The White House has U-turned on its decision to disclose information from the swathes of unwashed by confirming that Trump and Putin DID have a secret meeting in the President’s Trumpmobile – an eighty-six-thousand ton Cadillac custom fitted with shag carpeting, a home cinema and that weird Saudi Arabian orb he touched the other month and stole from the region on learning that it could be the final horcrux of civilization.
After leaving the post-G20 dinner and neglecting an invite to Angela Merkel’s Amazon Video Vikings sleepover, the two leaders instead opted for their own private Netflix and chill, with onlookers describing Trump’s expression as “erotic-flavoured Wotsit” and “thrust-centric” when leaving the event with Putin beneath his coat. The White House has confirmed that the leaders discussed the manipulation of western democracy after several episodes of Bojack Horseman. But as the President leaned in to preen first base, Putin was seen to turn away with the brittleness of a two-dimensional meerkat.
Early intel suggests that grabbing Putin by the pussy was off the cards from the start, with the BBC’s Andrew Neil describing the move as “more sexually juvenile than my employer” given that the Russian leader is renowned for being a fourth date envelope pusher. Putin’s translator was available for comment, and told The Rochdale Herald in a world exclusive that,
“I had to tone down a lot of the sweet nothings Donald was attempting to audibly spittle into my boss’ ear. Obviously they wanted to cover tracks and get their stories aligned. Putin would purge a few of our journalists and Donald was willing to use capital letters on Twitter again, we had it covered.

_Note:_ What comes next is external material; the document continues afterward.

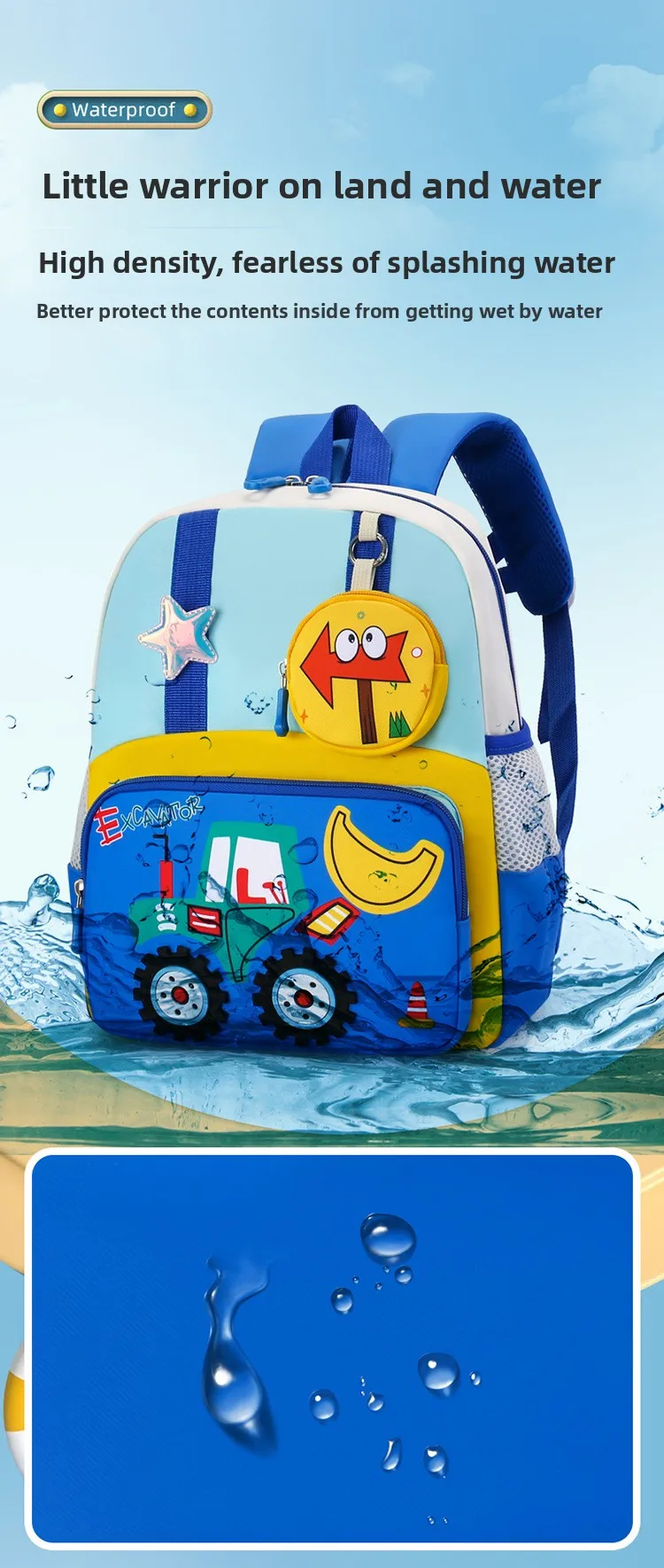 Neuer Kinderrucksack Cartoon Baufahrzeug Jungen Kindergarten-Tasche Atmungsaktiv Mittelgroß für die 3. Klasse – Detail 5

But the morning after has left a sour taste indeed, and the news, I mean fake news, has obviously forced the White House into admitting the relationship. They’ll get through this. Donald’s taking my boss out for a “VERY, VERY, SPECIAL ICE CREAM SUNDAE FOLKS, WE HAVE THE BEST ICE CREAM SUNDAES IN MY TRUMPMOBILE, ONLY THE BEST”. This might lead to a third date, but my boss is certainly drawing the line at a fourth. He doesn’t care how small those hands are, he’s not opening his ballot box anymore than he already has.”
– Putin’s Translator
It remains to be seen how the relationship between Trump and Putin will evolve or how deeply embedded and homoerotic it has been up until this point. The biggest question for journalists in the International political arena to digest in the coming days will surely be, “Why Bojack Horseman and not Rick and Morty?”